É desta realidade cotidiana e de vivências que os músicos criaram o estilo do
trio. Charles, autodidata com 22 anos entre baquetas e pratos explica o som que
produzem: “O Chamote surgiu de um sonho antigo de trabalhar a música regional
folclórica inserindo uma roupagem contemporânea, com efeitos sonoros e
linguagem jazzística, que consiste na improvisação musical”.
Luizinho explica que o Espaço Coisas de Negro também ajudou a construir o
Chamote “Aqui a gente busca conceito, tem as rodas de carimbó, todo esse
ambiente ajuda a compor”.
A construção do conceito musical do Chamote partiu de algumas coincidências.
Todos os integrantes possuem pesquisas distintas sobre os instrumentos que
tocam e ritmos amazônicos, contempladas com bolsa de estudo no Instituto de
Artes do Pará (IAP). O horizonte de trabalhar com ritmos regionais mesclando
uma pegada mais contemporânea foi o que os uniu.
O espaço Coisas de Negro foi determinante para o encontro e a realização do
projeto, como afirma Silvio, “Talvez se não fosse o ‘Coisas de Negro’ o Chamote
não iria se formar. Os ensaios no espaço, a convivência nas rodas de carimbó e
a troca de impressões com o Ray ajudaram a cimentar a ideia” pondera o músico.
Luizinho confirma: “Se eu estivesse em outro espaço, talvez eu estaria tocando
com outro grupo, e só tocando, não estaria fazendo experimentação sonora”.
Para o artista, a relação que se dá no espaço é de solidariedade, “Quando o Ray
cede o espaço para gente ensaiar não é necessário uma assinatura em papel, e
toda essa formalidade, as relações são baseadas no aperto de mão”.
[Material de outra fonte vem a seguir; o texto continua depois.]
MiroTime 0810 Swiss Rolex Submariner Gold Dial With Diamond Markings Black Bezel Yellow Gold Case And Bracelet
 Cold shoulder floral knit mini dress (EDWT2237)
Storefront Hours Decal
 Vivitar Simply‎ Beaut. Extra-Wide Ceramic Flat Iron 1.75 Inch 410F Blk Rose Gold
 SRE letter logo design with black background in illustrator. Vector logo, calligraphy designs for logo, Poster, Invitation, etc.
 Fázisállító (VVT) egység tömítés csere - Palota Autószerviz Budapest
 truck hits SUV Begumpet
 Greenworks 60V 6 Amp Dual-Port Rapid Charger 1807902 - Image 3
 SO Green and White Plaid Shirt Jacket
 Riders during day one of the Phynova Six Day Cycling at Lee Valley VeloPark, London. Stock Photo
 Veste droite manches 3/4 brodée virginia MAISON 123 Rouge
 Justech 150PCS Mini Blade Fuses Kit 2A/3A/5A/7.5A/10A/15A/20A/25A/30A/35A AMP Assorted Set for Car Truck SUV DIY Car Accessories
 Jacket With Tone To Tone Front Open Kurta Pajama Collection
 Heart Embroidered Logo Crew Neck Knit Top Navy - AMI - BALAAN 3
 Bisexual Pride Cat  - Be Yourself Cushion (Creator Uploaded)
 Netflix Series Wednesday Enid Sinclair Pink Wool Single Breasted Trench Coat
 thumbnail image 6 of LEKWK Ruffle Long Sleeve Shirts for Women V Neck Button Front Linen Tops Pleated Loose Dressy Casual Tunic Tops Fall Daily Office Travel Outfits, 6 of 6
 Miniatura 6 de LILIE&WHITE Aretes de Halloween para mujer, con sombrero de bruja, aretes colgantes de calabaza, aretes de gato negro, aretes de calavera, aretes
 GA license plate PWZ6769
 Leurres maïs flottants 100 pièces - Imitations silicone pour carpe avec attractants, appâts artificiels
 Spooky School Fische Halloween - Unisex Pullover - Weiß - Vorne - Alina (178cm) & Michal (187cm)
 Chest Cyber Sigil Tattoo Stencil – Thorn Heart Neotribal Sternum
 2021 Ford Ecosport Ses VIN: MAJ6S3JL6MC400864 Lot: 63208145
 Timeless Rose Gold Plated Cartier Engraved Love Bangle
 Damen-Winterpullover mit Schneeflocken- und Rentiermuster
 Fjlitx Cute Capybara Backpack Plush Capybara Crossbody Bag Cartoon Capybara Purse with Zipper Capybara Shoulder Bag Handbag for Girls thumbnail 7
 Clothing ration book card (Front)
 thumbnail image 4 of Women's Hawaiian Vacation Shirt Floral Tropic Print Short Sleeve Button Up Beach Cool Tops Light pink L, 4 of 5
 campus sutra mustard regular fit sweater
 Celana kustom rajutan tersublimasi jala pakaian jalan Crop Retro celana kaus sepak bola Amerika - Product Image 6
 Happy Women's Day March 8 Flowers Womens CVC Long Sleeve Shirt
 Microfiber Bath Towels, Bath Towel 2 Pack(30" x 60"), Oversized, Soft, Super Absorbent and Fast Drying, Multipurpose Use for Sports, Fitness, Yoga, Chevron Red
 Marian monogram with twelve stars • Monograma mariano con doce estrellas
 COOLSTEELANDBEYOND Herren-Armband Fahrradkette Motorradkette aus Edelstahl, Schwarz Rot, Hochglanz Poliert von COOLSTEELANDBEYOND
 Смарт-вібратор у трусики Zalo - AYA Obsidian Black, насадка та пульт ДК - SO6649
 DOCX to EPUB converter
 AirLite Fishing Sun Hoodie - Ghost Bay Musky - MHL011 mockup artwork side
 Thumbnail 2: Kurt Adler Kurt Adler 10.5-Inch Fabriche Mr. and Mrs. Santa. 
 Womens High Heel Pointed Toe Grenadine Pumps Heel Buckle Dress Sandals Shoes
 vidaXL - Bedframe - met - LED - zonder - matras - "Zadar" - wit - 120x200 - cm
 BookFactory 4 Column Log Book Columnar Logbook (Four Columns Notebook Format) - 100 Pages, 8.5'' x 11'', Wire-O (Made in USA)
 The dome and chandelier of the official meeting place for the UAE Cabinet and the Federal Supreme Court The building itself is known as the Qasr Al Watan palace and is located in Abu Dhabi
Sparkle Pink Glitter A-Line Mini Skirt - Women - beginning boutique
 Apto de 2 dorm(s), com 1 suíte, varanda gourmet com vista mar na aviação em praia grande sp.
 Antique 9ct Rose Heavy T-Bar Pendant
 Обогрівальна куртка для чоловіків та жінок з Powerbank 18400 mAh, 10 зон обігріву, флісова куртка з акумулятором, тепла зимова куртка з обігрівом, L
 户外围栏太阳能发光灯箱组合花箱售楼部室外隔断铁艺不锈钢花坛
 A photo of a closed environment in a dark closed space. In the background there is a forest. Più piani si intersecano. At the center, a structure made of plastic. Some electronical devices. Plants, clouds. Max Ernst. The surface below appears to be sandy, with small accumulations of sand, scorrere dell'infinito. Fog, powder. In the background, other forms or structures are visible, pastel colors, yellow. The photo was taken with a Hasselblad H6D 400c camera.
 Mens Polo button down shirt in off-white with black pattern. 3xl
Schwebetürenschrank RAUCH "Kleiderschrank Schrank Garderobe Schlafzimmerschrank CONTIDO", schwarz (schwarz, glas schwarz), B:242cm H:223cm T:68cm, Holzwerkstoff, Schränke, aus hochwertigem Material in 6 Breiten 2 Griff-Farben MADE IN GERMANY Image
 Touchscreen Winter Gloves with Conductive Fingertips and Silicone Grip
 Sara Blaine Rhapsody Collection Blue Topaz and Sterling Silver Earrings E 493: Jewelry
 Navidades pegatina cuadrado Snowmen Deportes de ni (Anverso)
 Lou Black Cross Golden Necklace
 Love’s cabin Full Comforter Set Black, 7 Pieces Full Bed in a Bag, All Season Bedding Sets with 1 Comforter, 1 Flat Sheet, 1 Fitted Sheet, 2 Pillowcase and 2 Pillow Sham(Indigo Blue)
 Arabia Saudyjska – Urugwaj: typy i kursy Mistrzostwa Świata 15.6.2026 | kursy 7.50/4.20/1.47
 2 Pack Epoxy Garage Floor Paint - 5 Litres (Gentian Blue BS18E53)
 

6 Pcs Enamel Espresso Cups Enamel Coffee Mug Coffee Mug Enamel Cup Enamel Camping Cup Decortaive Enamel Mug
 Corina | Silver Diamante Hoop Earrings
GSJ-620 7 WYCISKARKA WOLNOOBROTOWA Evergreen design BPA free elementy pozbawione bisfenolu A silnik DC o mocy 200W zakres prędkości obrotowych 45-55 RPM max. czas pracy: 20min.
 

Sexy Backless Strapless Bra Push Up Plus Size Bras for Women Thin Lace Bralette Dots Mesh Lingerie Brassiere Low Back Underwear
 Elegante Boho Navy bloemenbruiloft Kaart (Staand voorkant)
Cultura popular como patrimônio imaterial do Brasil
O Tambor de Crioula, o primo do Maranhão já foi reconhecido pelo Ministério da
Cultura como patrimônio imaterial do Brasil. No Pará um coletivo realiza uma
campanha para a concessão da mesma chancela ao carimbó. Autores e intelectuais
atuam em frentes diferentes.
Uns tratam da burocracia, enquanto outros organizam memorial sobre os grupos e
nomes relevantes de mestres do ritmo, onde flutuam Verequete, Lucindo, Dico,
Cizico e Bento, entre outros. E organizam eventos dentro e fora do estado.
A cada domingo, além do Coisas de Negro, os ancestrais são festejados por
percussionistas nas manhãs da Praça da República, no Centro de Belém. Ali entre
mangueiras, e próximo ao cheio de pompa e circunstâncias Teatro da Paz, não
raro os músicos entoam a canção mais popular do gênero: “Chama Verequete!
Velejar. Velejar”.
*Lilian Campelo é jornalista. A folkcomunicação foi o tema de seu trabalho
de conclusão de curso. Rogério Almeida é autor do livro "Pororoca pequena
- marolinhas sobre a(s) Amazônia (s) de cá".